16. The Department timely submitted a brief in support of its Petition. 5
Respondent did not file a response brief.
17. On 5 April 2022, the Court held a hearing on the Petition at which the
Department was represented by counsel and Respondent appeared pro se. This
matter is now ripe for resolution.
II.
LEGAL STANDARD
18. When the trial court “exercises judicial review over an agency’s final
decision, it acts in the capacity of an appellate court.” Meza v. Div. of Soc Servs., 364
N.C. 61, 75 (2010) (quoting N.C. Dep’t of Env’t & Nat. Res. v. Carroll, 358 N.C. 649,
662 (2004)).
3 (Mot. Dismiss Notice of Designation of Action as a Mandatory Complex Bus. Case Under
N.C.G.S. § 7A-45.4, ECF No. 5.)
4 (Order on Mot. Dismiss Notice of Designation of Action as a Mandatory Complex Bus. Case
Under N.C.G.S. § 7A-45.4, ECF No. 12.)
5 (Petitioner’s Br. Supp. Petition for Jud. Rev. [hereinafter “Petitioner’s Br.”], ECF No. 33.) 19. Pursuant to N.C.G.S. § 150B-51(b), this Court may affirm the decision of the
OAH, remand the case for further proceedings, or, as set forth herein, reverse or
modify a final agency decision:
[I]f the substantial rights of the petitioners may have been prejudiced because the [OAH’s] findings, inferences, conclusions, or decisions are: (1) In violation of constitutional provisions; (2) In excess of the statutory authority or jurisdiction of the agency or administrative law judge; (3) Made upon unlawful procedure; (4) Affected by other error of law; (5) Unsupported by substantial evidence admissible under G.S. 150B-29(a), 150B-30, or 150B-31 in view of the entire record as submitted; or (6) Arbitrary, capricious, or an abuse of discretion.

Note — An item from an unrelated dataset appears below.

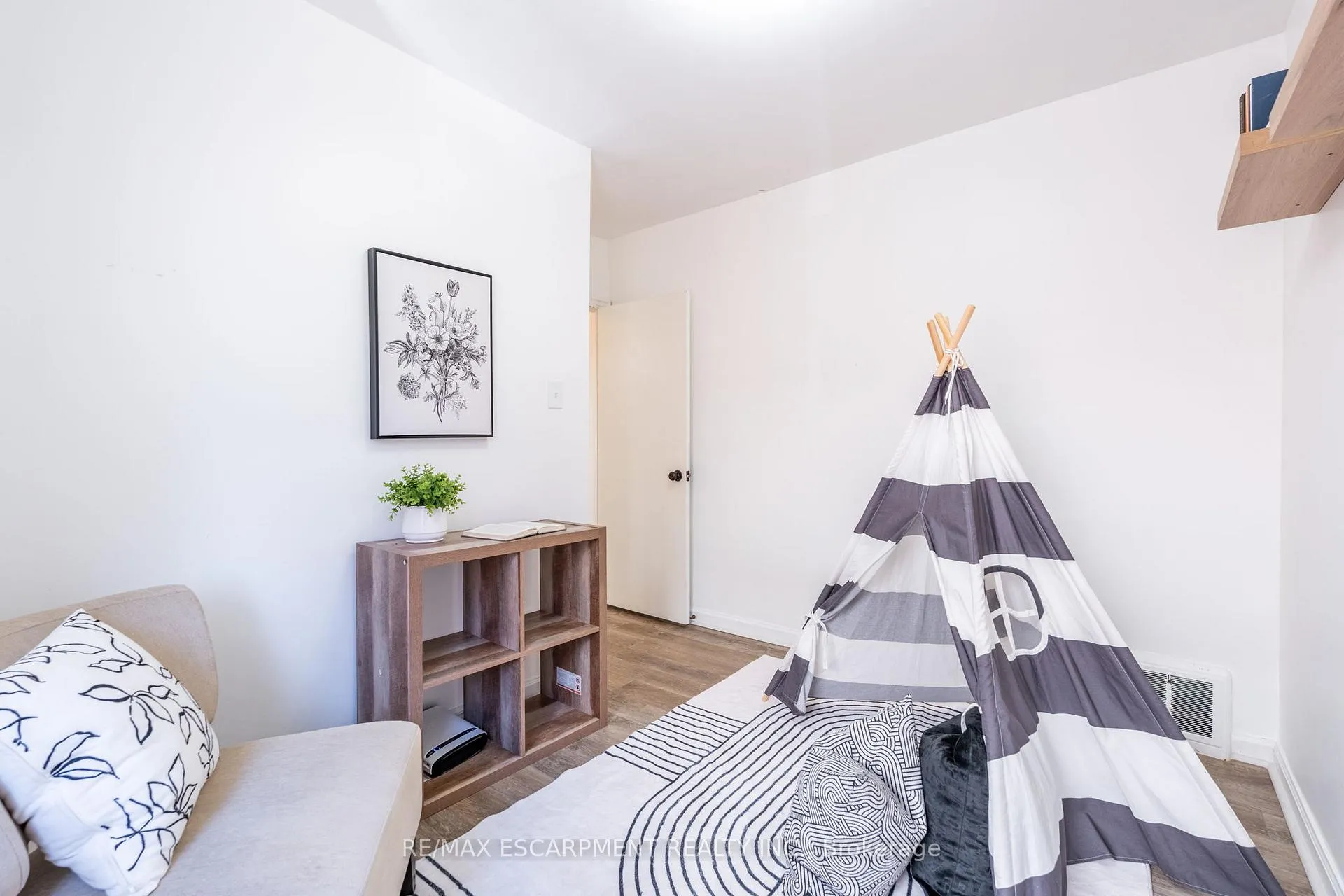 Photo 20 of 167 Rodgers Road, Hamilton, Glenview — HOMEH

20. “The nature of the error asserted by the party seeking review dictates the
appropriate manner of review[.]” Dillingham v. N.C. Dep’t of Human Res., 132 N.C.

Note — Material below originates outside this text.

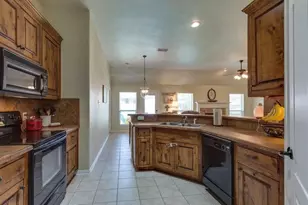 8333 Winter Falls Tr, Fort Worth, TX 76053 - Photo 8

App. 704, 708 (1999). “[I]f the appellant contends the agency’s decision was affected
by a legal error, N.C.G.S. § 150B-51(b)(1), (2), (3), & (4), de novo review is required; if
the appellant contends the agency decision was not supported by the evidence,
N.C.G.S. § 150B-51(b)(5), or was arbitrary or capricious, N.C.G.S. § 150B-51(b)(6),
the whole record test is utilized.” Duke Univ. Med. Ctr. v. Bruton, 134 N.C. App. 39,
41 (1999).
21. Because the Department alleged in its Petition that the OAH erroneously
construed state law regarding the Department’s burden of proof and otherwise
committed errors of law in assessing a large individual income tax deficiency penalty
under N.C.G.S. § 105-236(a)(5)(b), this Court’s standard of review is de novo. Under
the de novo standard of review, the Court considers the matter anew and freely substitutes its own judgment for that of the OAH. See Wetherington v. N.C. Dep’t of
Pub. Safety, 368 N.C. 583, 590 (2015); see also Mann Media, Inc. v. Randolph County
Planning Bd., 356 N.C. 1, 13 (2002).
22. Additionally, where, as here, a contested case “involve[es] the imposition of
civil fines or penalties by a State agency for violations of the law, the burden of
showing by clear and convincing evidence that the person who was fined actually
committed the act for which the fine or penalty was imposed rests with the State
agency.” N.C.G.S. § 150B-25.1(b). And because the Department “raise[s] issues of
statutory interpretation,” those issues pose “questions of law for the court.” Midrex
Techs., Inc. v. N.C. Dep’t of Revenue, 2015 NCBC LEXIS 92, at *16 (N.C. Super. Ct.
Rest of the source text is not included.